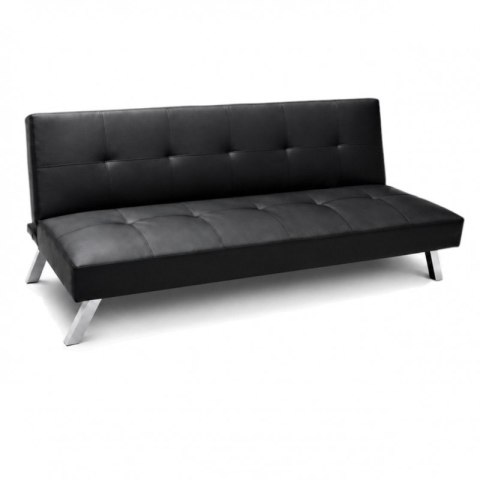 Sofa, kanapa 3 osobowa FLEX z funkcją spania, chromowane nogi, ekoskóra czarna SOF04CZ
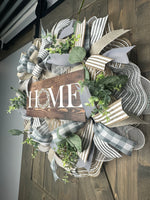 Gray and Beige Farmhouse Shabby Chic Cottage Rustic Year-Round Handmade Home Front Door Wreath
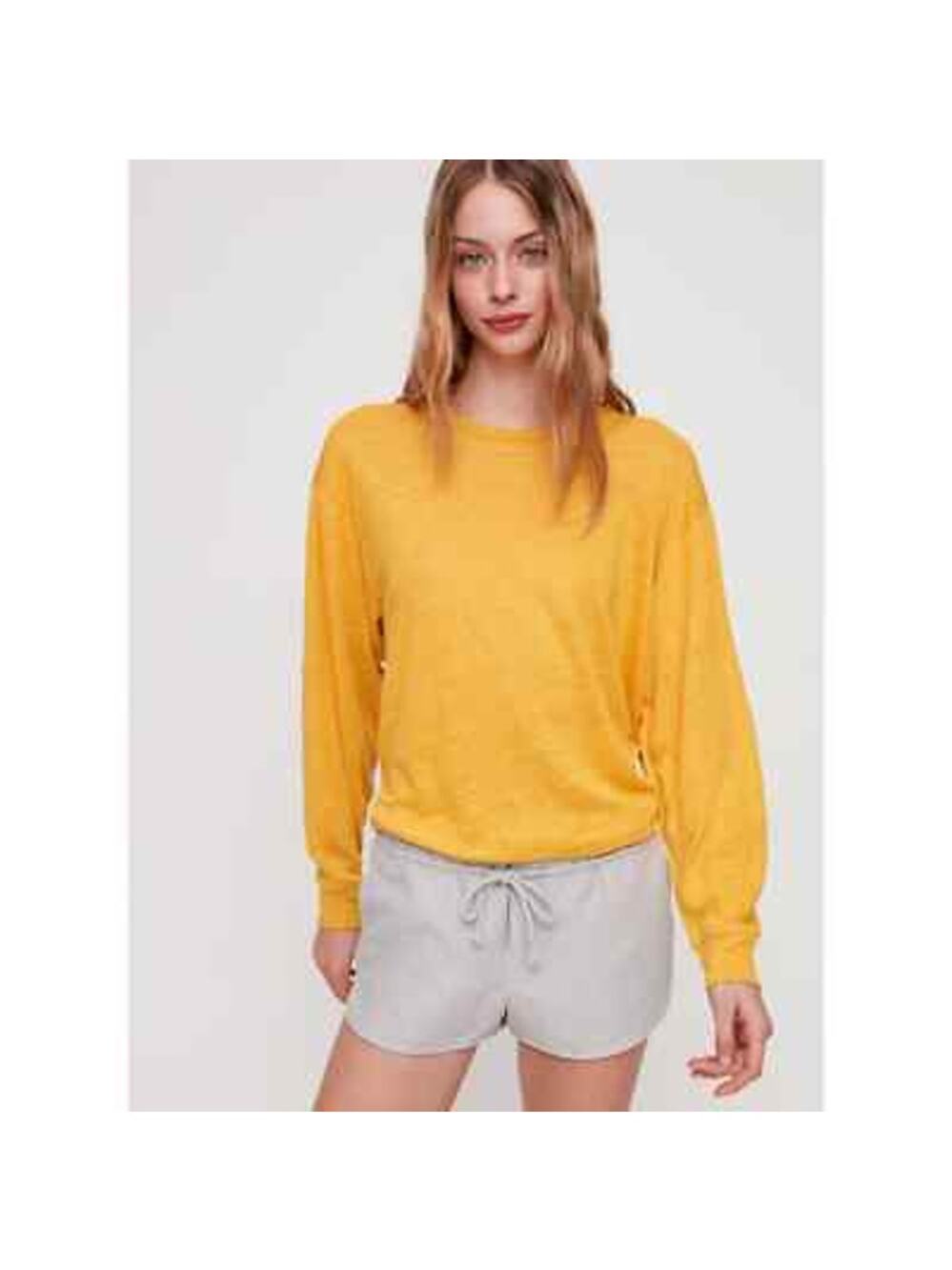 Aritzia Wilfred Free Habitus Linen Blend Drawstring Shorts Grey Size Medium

==

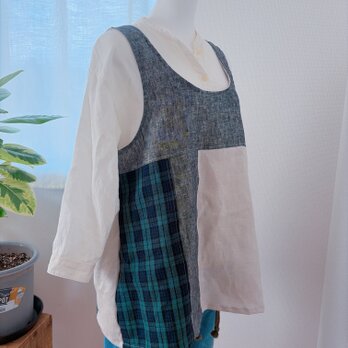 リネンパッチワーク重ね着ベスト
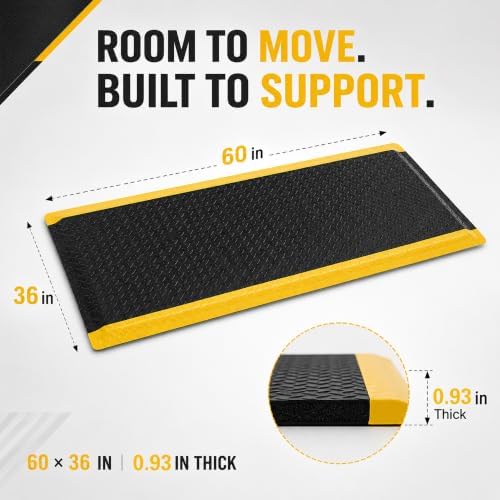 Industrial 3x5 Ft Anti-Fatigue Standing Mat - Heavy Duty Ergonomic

* * *

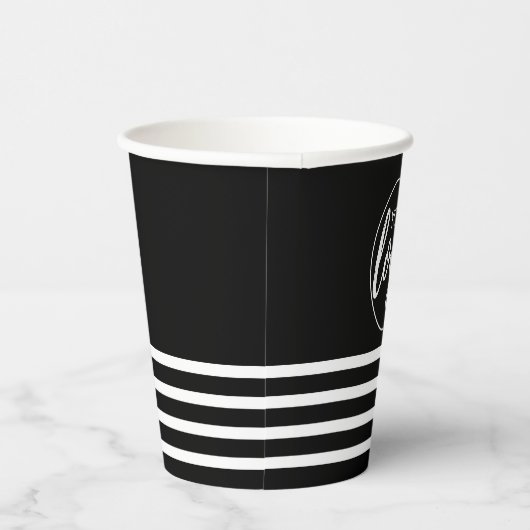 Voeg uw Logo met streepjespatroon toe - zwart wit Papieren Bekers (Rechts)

* **Problem description**
The material above holds pictures; leave them out. Repeat exactly the lines from the one containing "Sofa, kanapa 3" through the one containing "Aritzia Wilfred Free", and nothing else.

* **Result of this task**
 Sofa, kanapa 3 osobowa FLEX z funkcją spania, chromowane nogi, ekoskóra czarna SOF04CZ
 Gray and Beige Farmhouse Shabby Chic Cottage Rustic Year-Round Handmade Home Front Door Wreath
 Aritzia Wilfred Free Habitus Linen Blend Drawstring Shorts Grey Size Medium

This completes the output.